At present, the GST treatment of online media space supplies depends on whether access to the website or webpage is restricted to Singapore viewers. If access is restricted to Singapore viewers or browsers only (e.g. where advertisements are displayed on websites, webpages or mobile applications that restrict access to viewers with Singapore IP addresses only), the supply will be a standard-rated supply (i.e. tax rate of 7 %). Conversely, if no access restrictions are imposed on the viewership of the advertisement, the supply of advertising space can be zero-rated. In other words, zero-rating treatment under current rules depends on the place of circulation of the advertisement. However, as developments in digital technologies change the way that online media sales are supplied, it has become increasingly difficult for suppliers of digital media sales to determine the place of circulation of the advertisements. Thus, the Minister for Finance has in Singapore Budget 2021 announced a change in the basis for zero-rating of supplies of online advertising space, such that it will depend on the belonging statuses of the contractual customer and the direct beneficiary of the service, rather than the place of circulation
of the advertisements. A supply of online advertising space made on or after 1 January 2022 will be zero-rated only if:
a. the contractual customer belongs outside Singapore;
b. the person directly benefiting from the service either belongs outside Singapore or is a GST-registered person in Singapore.
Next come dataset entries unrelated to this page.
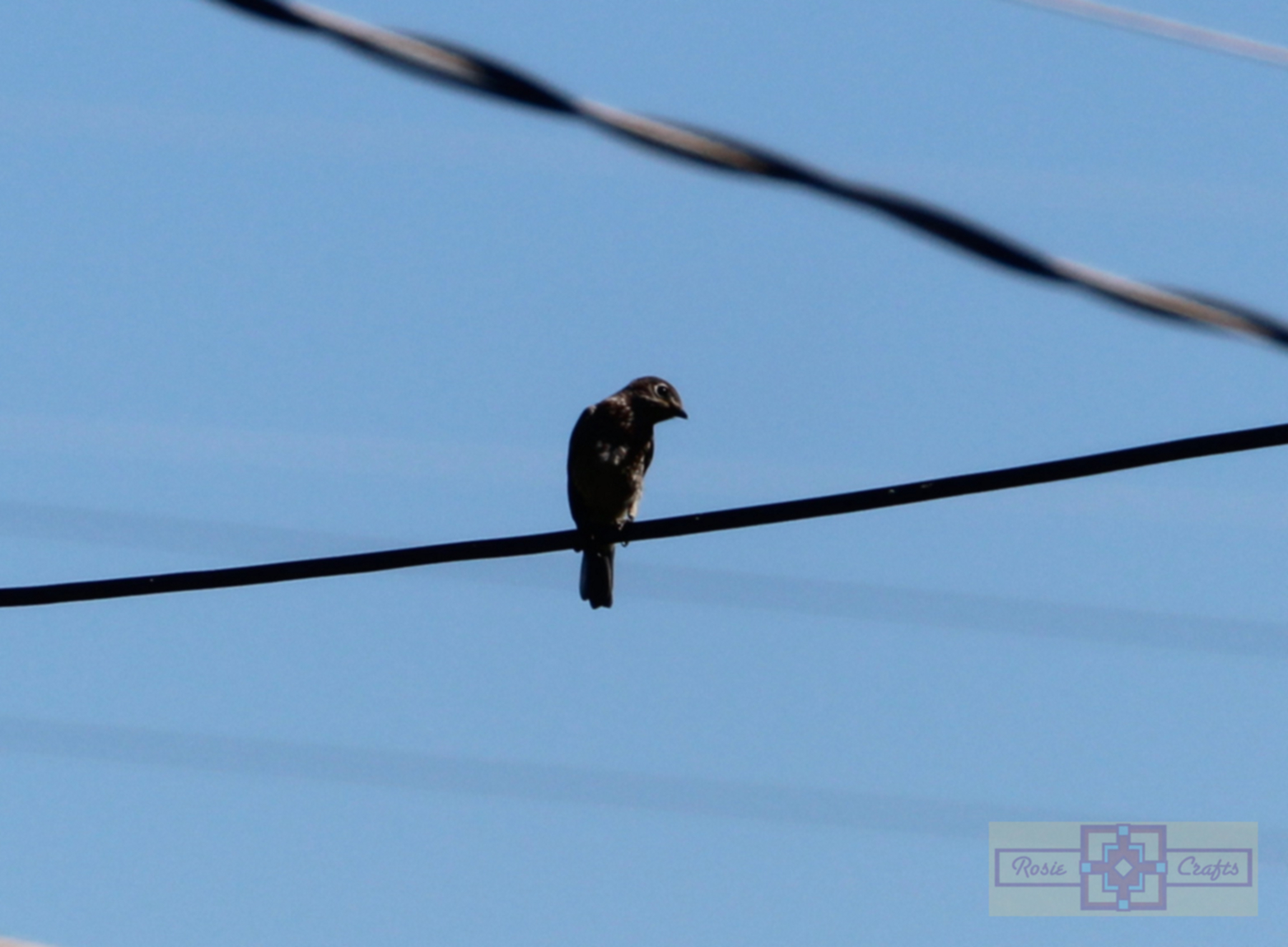 Rosie Crafts Purple Martin Bird Photography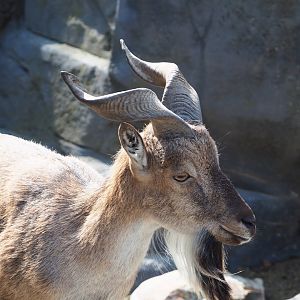 Tajik markhor (Capra falconeri heptneri), 2023-07-22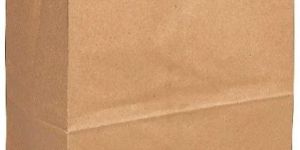 Green Bin Garbage Disposal Paper Bags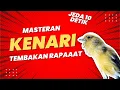 Lagu Masteran Kenari Tembakan Rapat Jeda 10 Detik | Full 1 Jam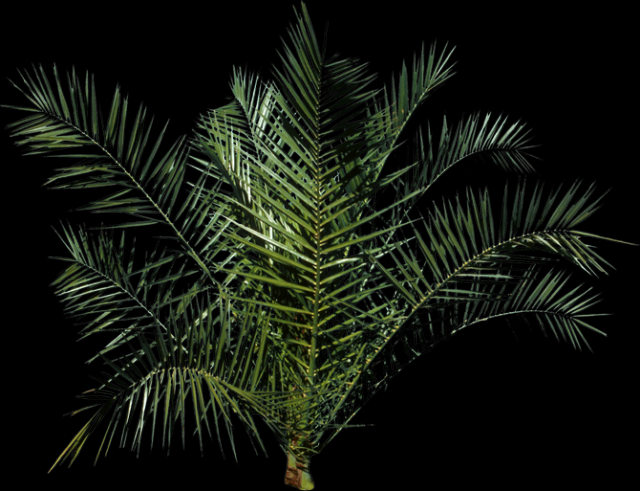 palm tree Modèle 3D .c4d .max .obj .3ds .fbx .stl .blend 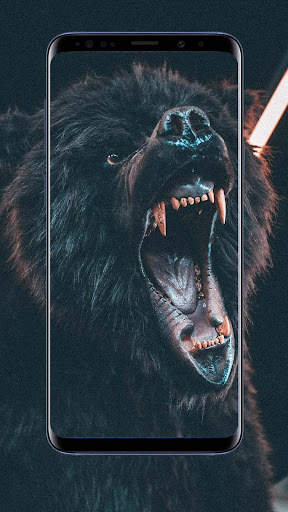 Angry Wallpaper स्क्रीनशॉट 4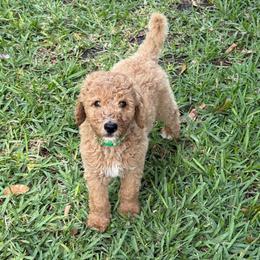H25 Male Green Collar(Hulk) - Red  male Goldendoodle puppy in Cape Coral, Florida from GoldenDoodles Cape Coral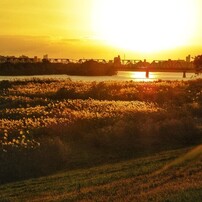 OLYMPUS(オリンパス)のデジタルカメラu1060,S1060 で撮影した写真(画像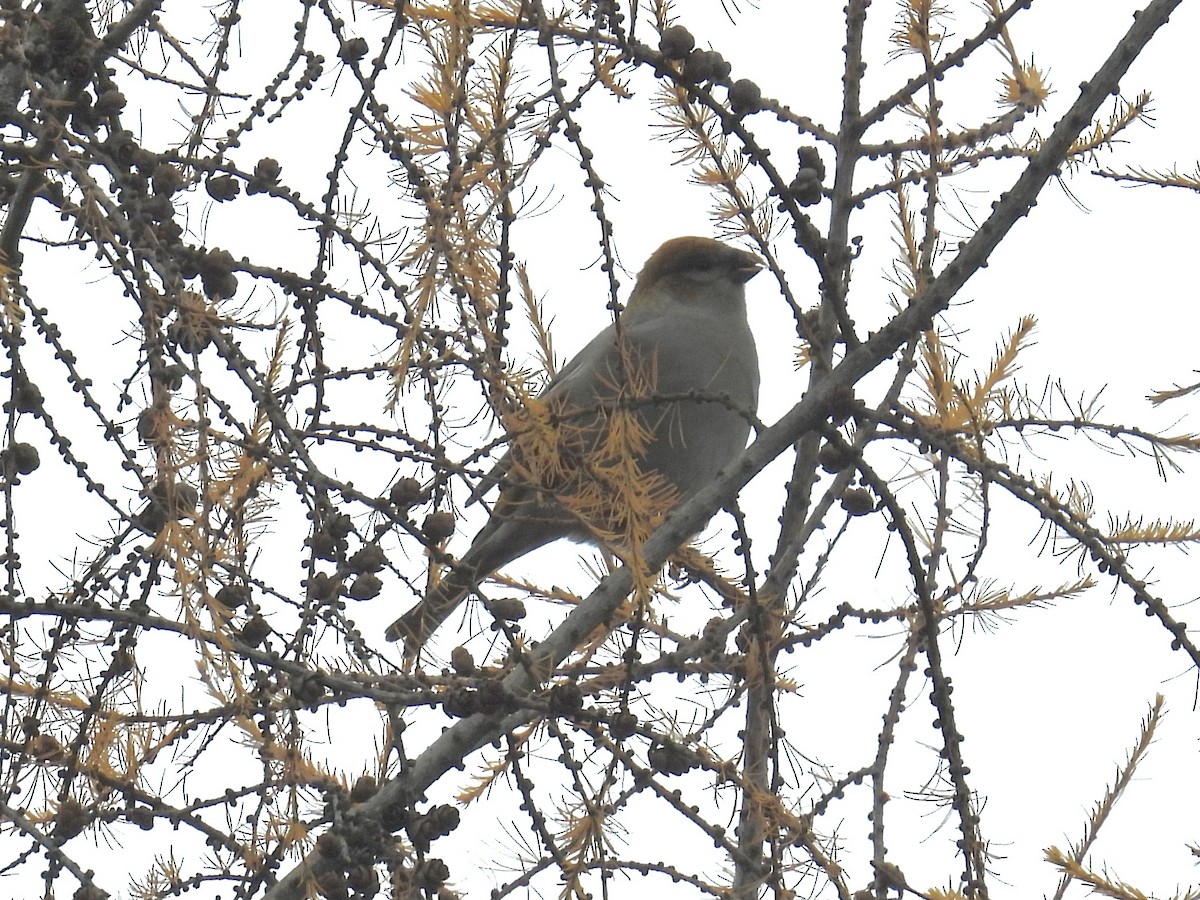 Pinu-gailupa - ML644936701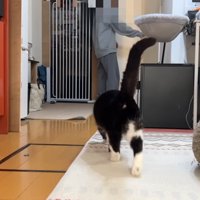 後ろ姿
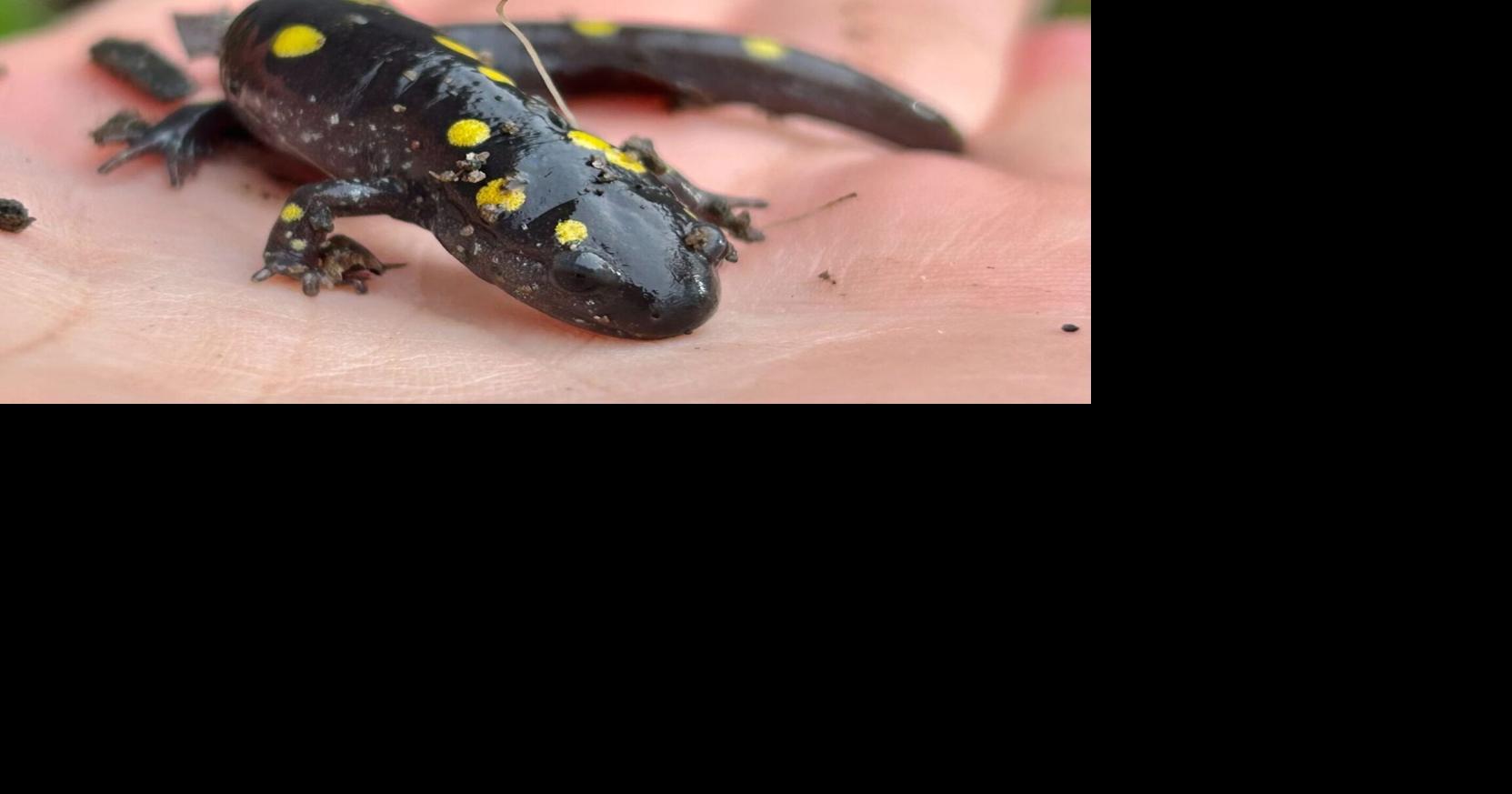 Tunnel crossings will save wildlife on the move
It is likely—though not certain at this point in time—that the Comptroller of GST will adopt the same interpretation in regard to what constitutes “directly benefit” as its existing practice as set out in the IRAS e-Tax Guide entitled GST: Clarification on “Directly in Connection with” and “Directly Benefit” (Fourth Edition). If so, the Comptroller of GST will, for the most part, examine the terms of the contract to see if the recipients of the services are stipulated to the exclusion of other persons. In the absence of such provision or where the facts suggest that there are persons other than the contractual recipients who “directly benefit” from the supply, the Comptroller of GST will examine the flow of services or benefits to determine whether the recipient is a direct beneficiary. In this regard:
a. the recipients of spin-off benefits are not direct beneficiaries;
b. the contractual customer need not necessarily be the same person receiving the services and if there is accountability to a person (other than the contracting party) for the service deliverables, that person is likely to be a direct beneficiary of the services;
c. the extent or magnitude of consumption by a recipient is not conclusive as to whether a recipient is a direct beneficiary though if the services relate to a specific transaction carried out or to be carried out by a person, that person is likely to be a direct beneficiary of the services; and
d. a recipient directly benefits from a supply if the services flow in a manner with no impediments, i.e. no onward supply.